Sometimes love is complicated. Not “complicated” as if to say “tragic” or “doomed” or anything of that sort. More… complicated in the way that an elegant watch has “complications”. Some of what makes life and love so rich, and so worthy of being “in the moment” – even an uncomfortable one – are these odd details, these “complications”, that are “features” in one moment, and… possibly… sort of a pain in the ass, in other moments. (I mean, for real? I could seriously do without having a brain injury that undermines my ability to manage strong emotion, and layering on top of that the added “bonus” of being sick, and further challenged with easily roused strong emotions… It’s just too much.) Buuuuut… I do love that human being sitting in the other room, and the joy we share is by far the majority of the time we spend together. That’s saying a lot. I could not truthfully say there’s never a cross word between us, or that my TBI “isn’t a big deal” for me, or him, or both of us. It is what it is. I see us both doing our best, and both being pretty human in our effort. There are, though, some moments I could frankly do without, now and then. Hell, I get pretty fed up with me, sometimes. I’m not surprised he does, too, once in awhile. lol Too often, my aggravation with myself is perceived as directed at him, or mis-perceived as an emotional attack. I understand how it could be. It’s not what I intend.

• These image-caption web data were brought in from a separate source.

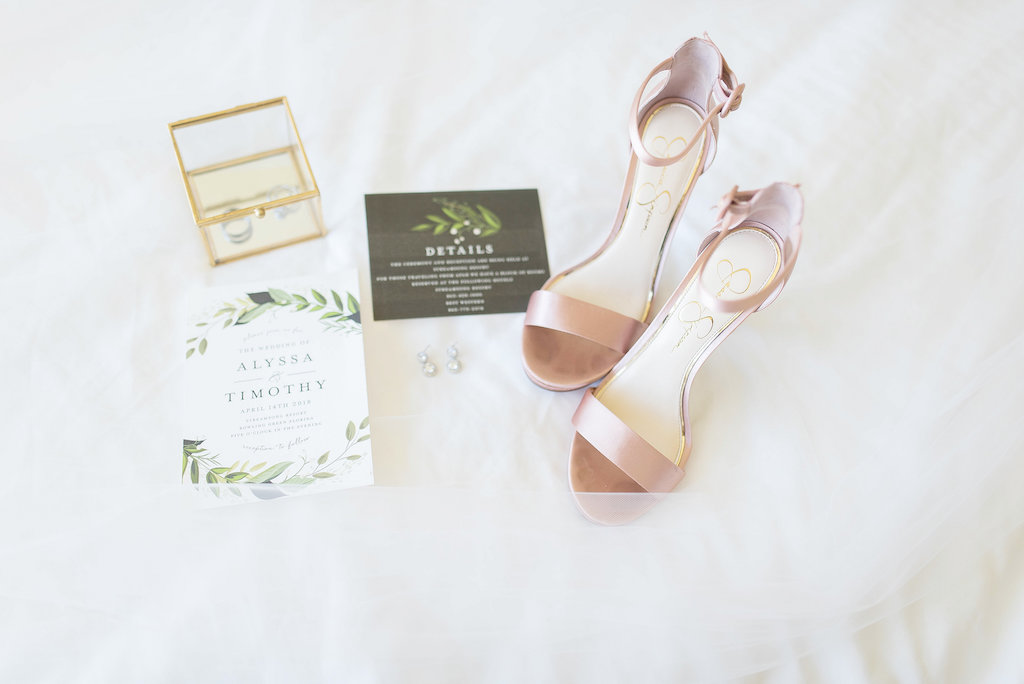 Blush Pink Ankle-Strap Sandal on White Tulle Background Greenery Inspired Invitation Suite Diamond Teardrop Earrings and Gold Clear Jewelry Box with Wedding Bands | Tampa Bay Wedding Photographer Kristen Marie Photography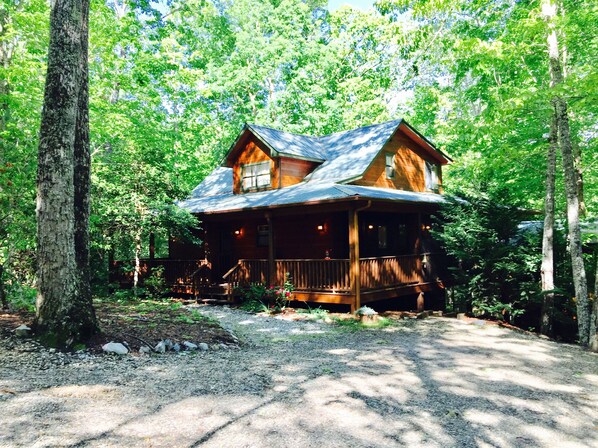 The cabin is set down a short driveway for privacy. 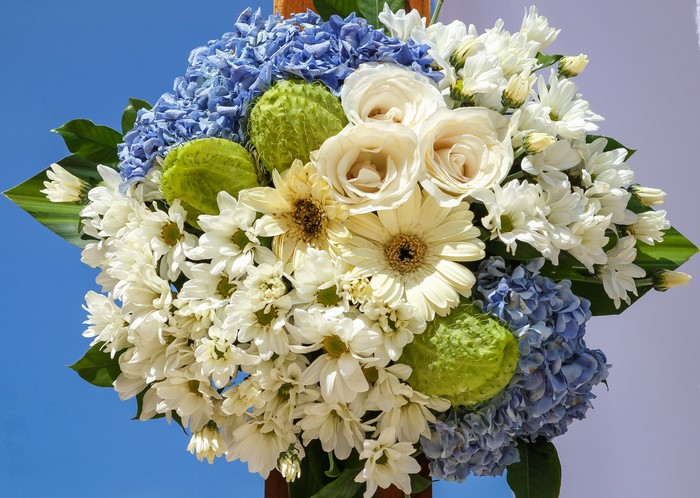 Bouquet of flowers with blue hydrangeas and white roses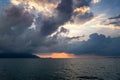 Beautiful landscape, dark dramatic storm clouds over the sea at sunset Royalty Free Stock Photo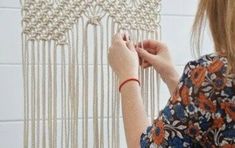 a woman is working on a wall hanging with beads and chains, in front of a white tiled wall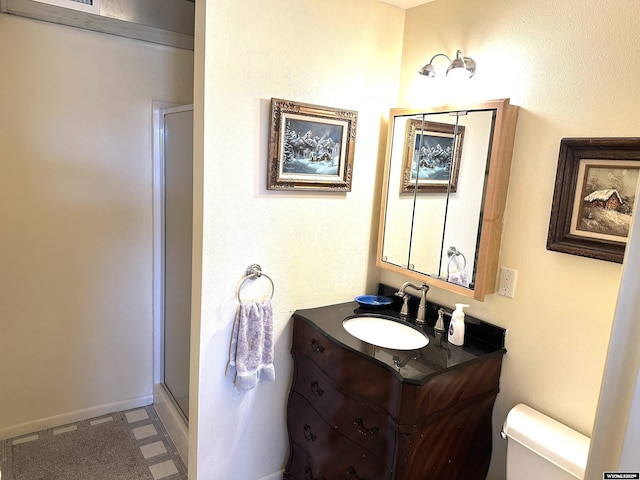 full bath featuring tile patterned floors, a shower stall, toilet, and vanity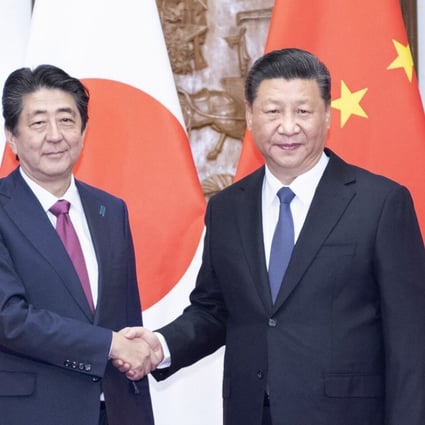 Chinese President Xi Jinping (right) shakes hands with visiting Japanese Prime Minister Shinzo Abe in Beijing on Friday. Photo: Xinhua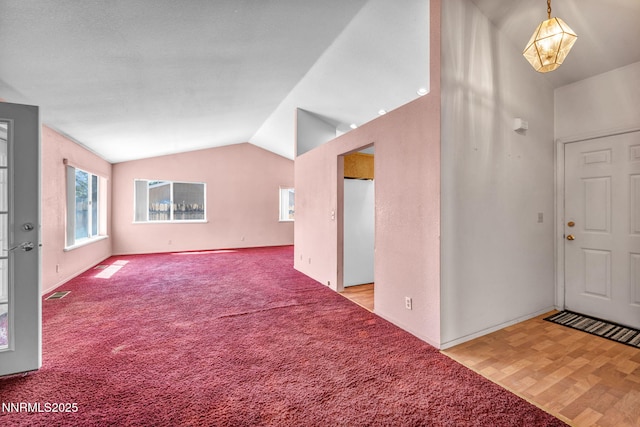 1331 Victoria Dr, Gardnerville, NV 89460 - carpeted entryway featuring vaulted ceiling and baseboards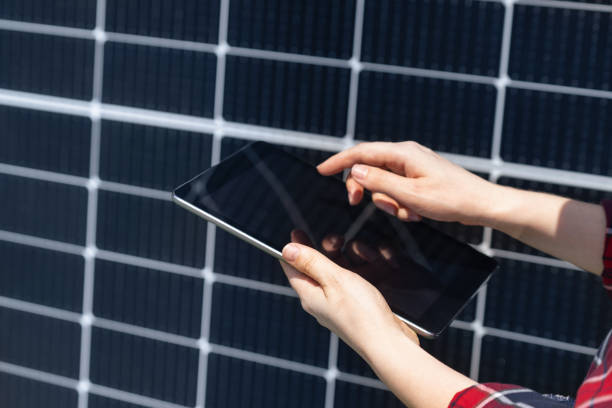 istock Hands with tablet computer on a background of solar panels 1495683819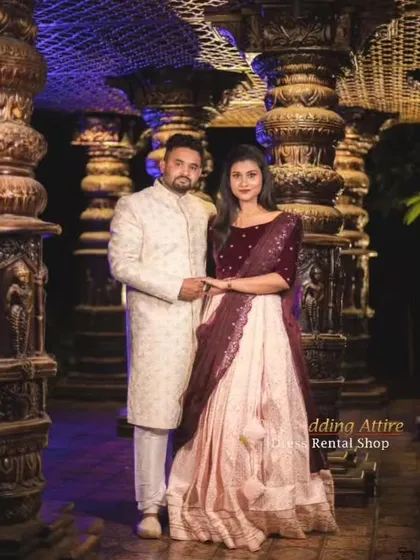 This couple demonstrates a regal and coordinated look with a velvet crop top and light pink skirt paired with a classic off-white sherwani. The contrast in textures between the velvet and the sherwani adds visual interest.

I suppose I will get a lot of practice, sorting that out, over a lifetime.

I breathe. Exhale. Relax. I find myself annoyed that my aquarium isn’t in here – where I could see it right now… only… what is more true is that I don’t want to be here, as much as I want to be there – with him. Relaxing together.

Fuck I wish we weren’t sick. Adulting is already hard enough!

I breathe. Exhale. Relax. I think about my plans for tomorrow… more time with the aquarium. Pruning plants. Moving rocks. Cleaning glass. Replanting plants in new places. Looking at the aquarium, under a bright light, from a new perspective.

Yes, of course; it’s a metaphor. It’s time to begin again.